• [Brief] Return the entries below verbatim. Pictures stay out.

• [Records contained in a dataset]
□ □ □

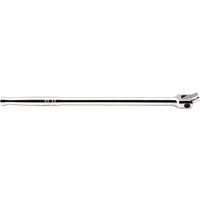 Draper 16800 1/2-Inch Square Drive Flexible Handle, 375 mm Length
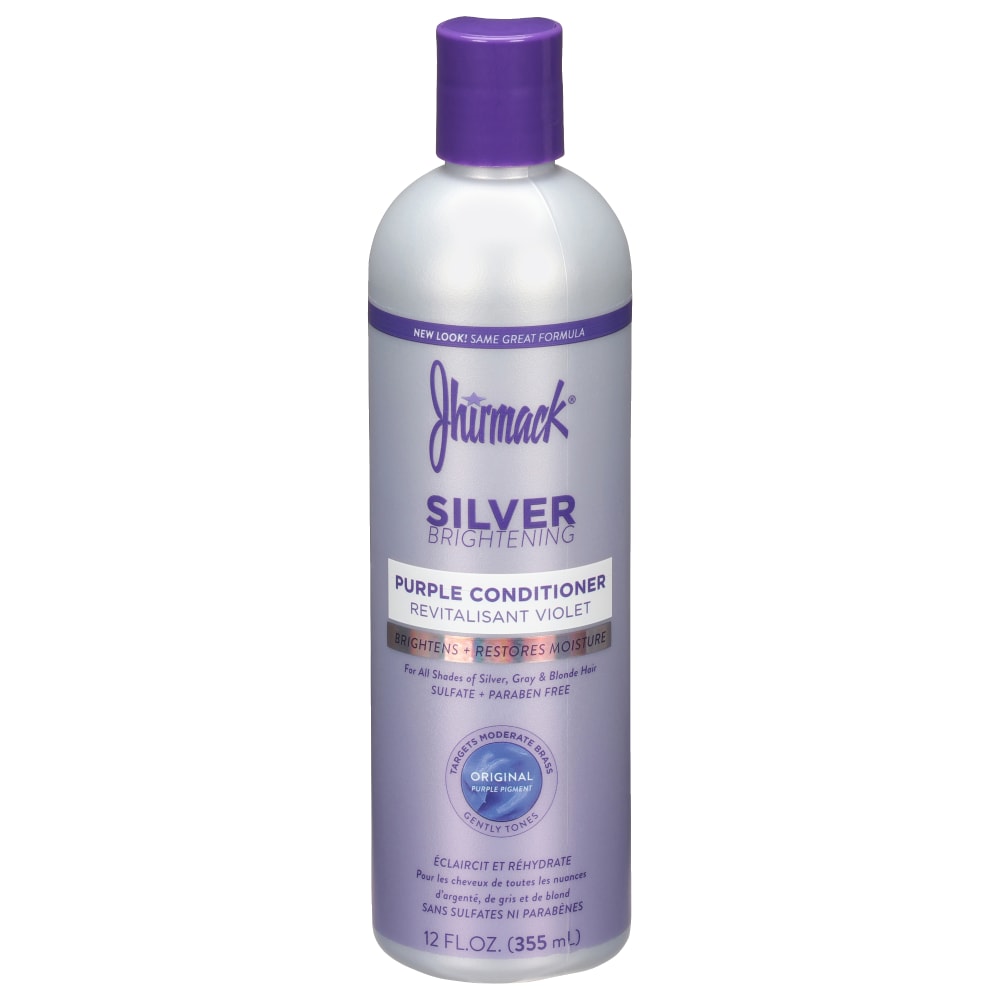 Jhirmack Silver Brightening Ageless Conditioner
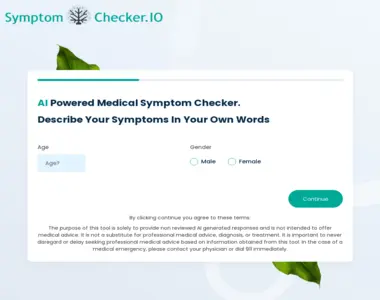 symptomchecker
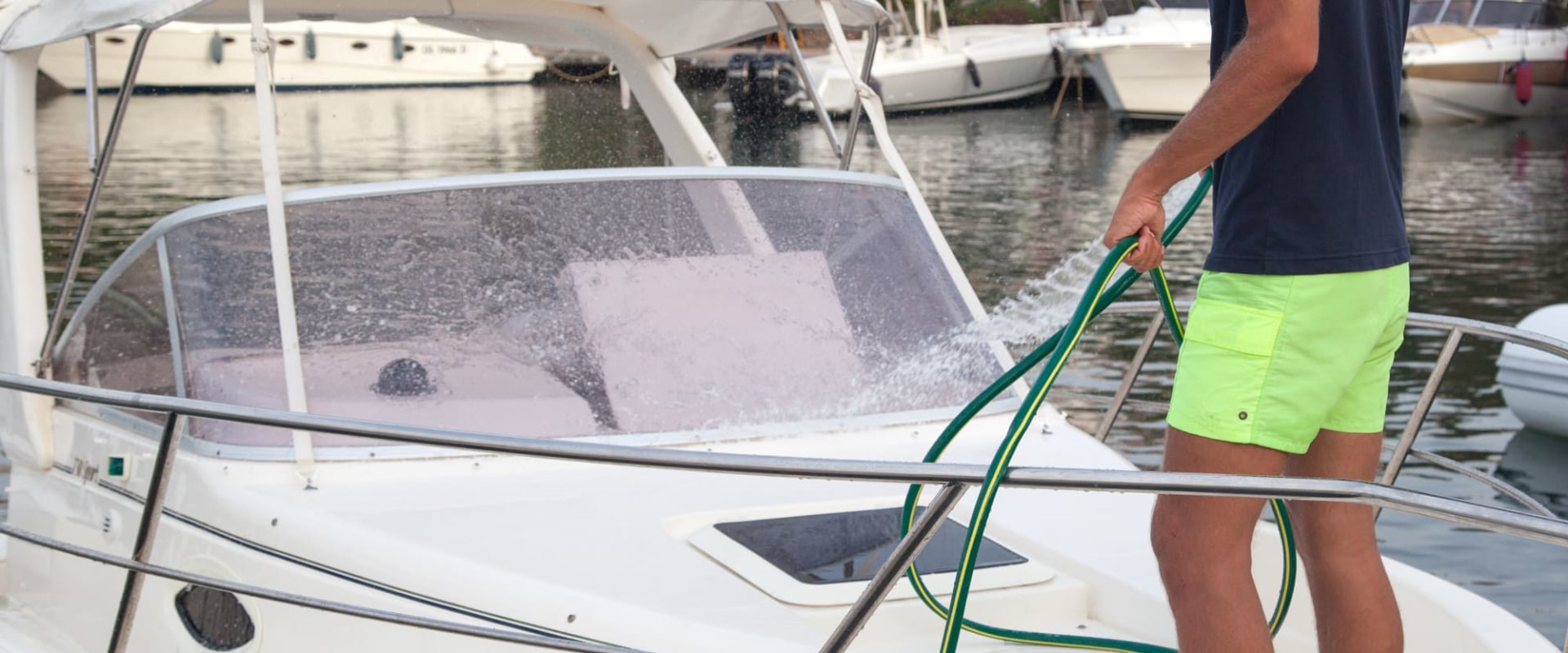 The Cost of Boating Services: What You Need to Know
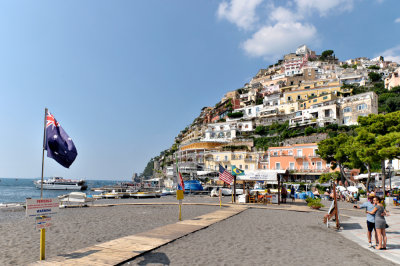 Positano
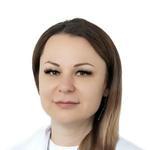 Скородумова Елена Вячеславовна, Инструктор ЛФК - Одинцово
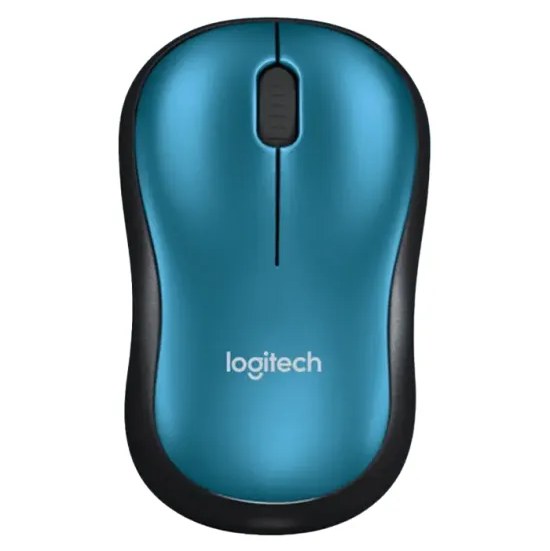 Logitech M185 Blue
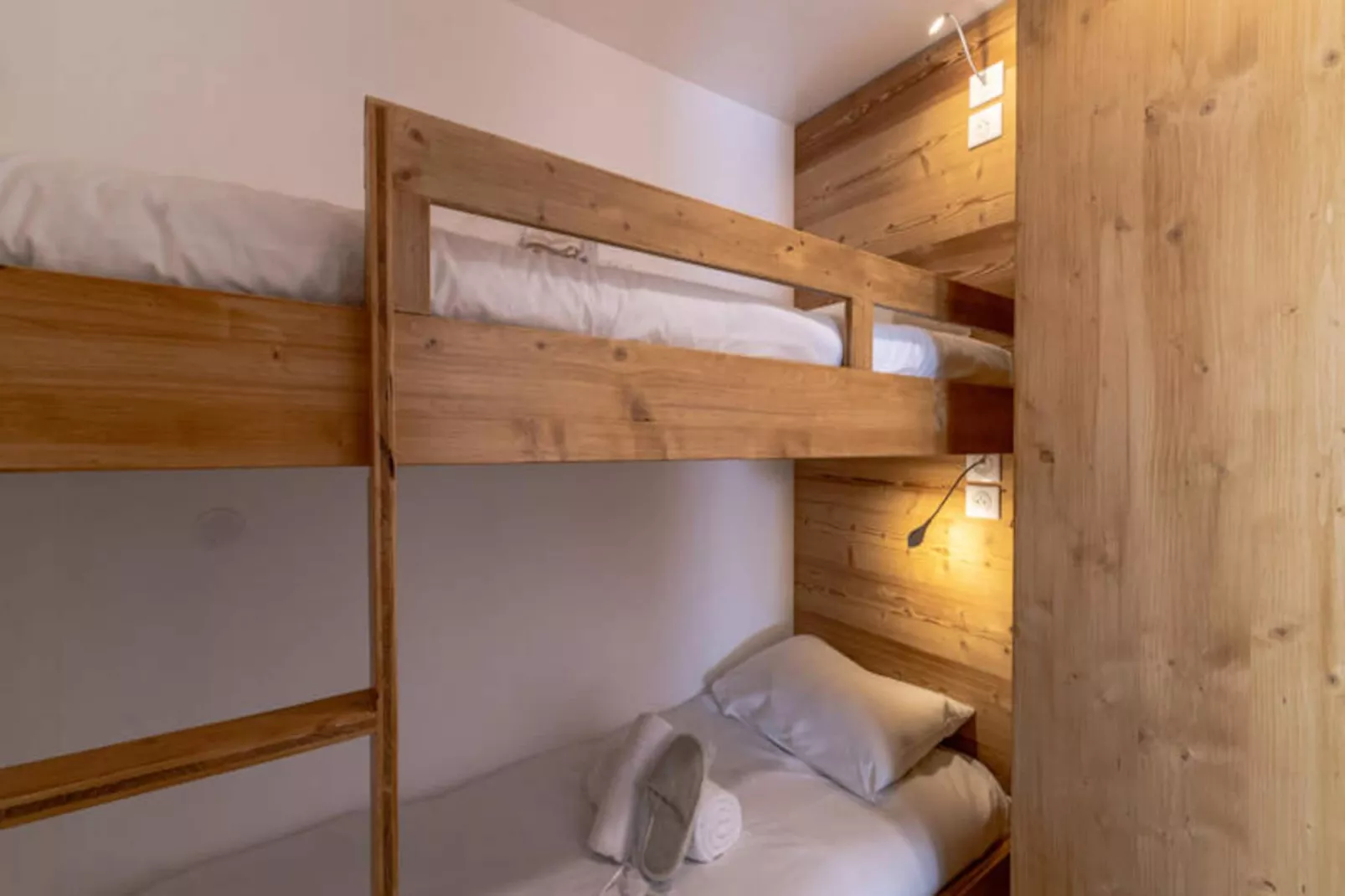 Résidence Les Lauzieres-Non tagué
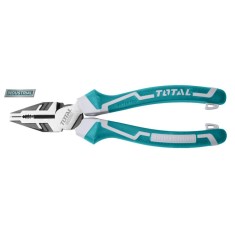 Patent universal TOTAL Industrial - 7"-180mm - Cr-V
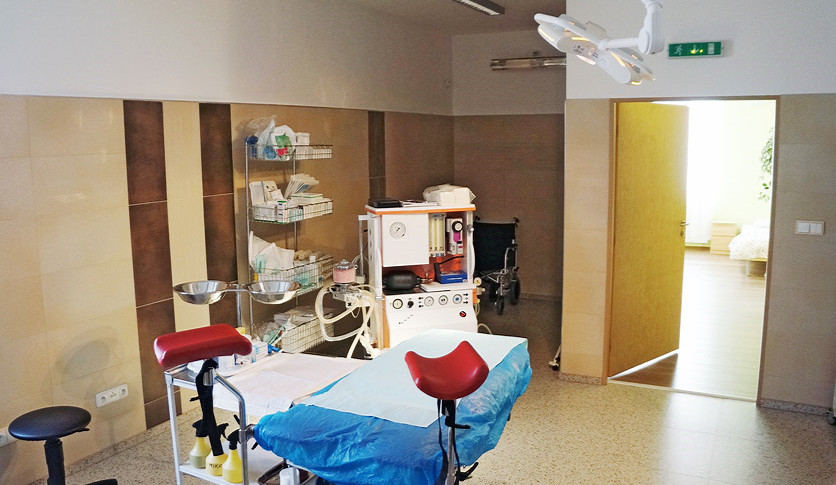 CHIRMEDICA s.r.o. foto 2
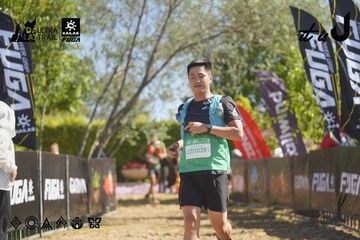 Dalat Ultra Trail 2026 - Ảnh #4683319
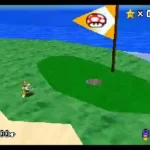Super Melee Adventure 64 - FOX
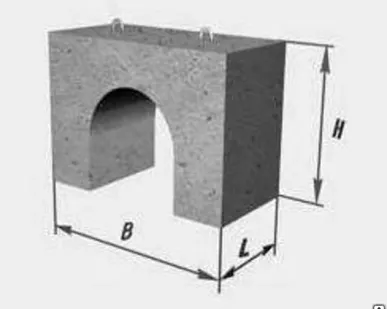 фото УБКМ 820 Утяжелители УБКМ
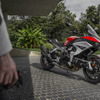 ビモータ TESI H2 TERA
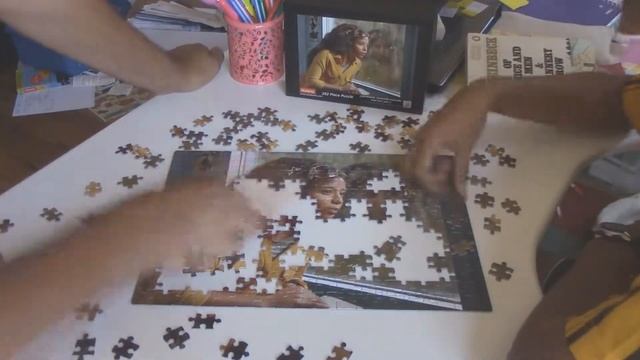 Shutterfly Photo Puzzle смотреть онлайн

□ □ □

• [Answer area]
 Draper 16800 1/2-Inch Square Drive Flexible Handle, 375 mm Length
 Jhirmack Silver Brightening Ageless Conditioner
 symptomchecker
 The Cost of Boating Services: What You Need to Know
 Positano
 Скородумова Елена Вячеславовна, Инструктор ЛФК - Одинцово
 Logitech M185 Blue
 Résidence Les Lauzieres-Non tagué
 Patent universal TOTAL Industrial - 7"-180mm - Cr-V
 CHIRMEDICA s.r.o. foto 2
 Dalat Ultra Trail 2026 - Ảnh #4683319
Super Melee Adventure 64 - FOX
 фото УБКМ 820 Утяжелители УБКМ
 ビモータ TESI H2 TERA
 Shutterfly Photo Puzzle смотреть онлайн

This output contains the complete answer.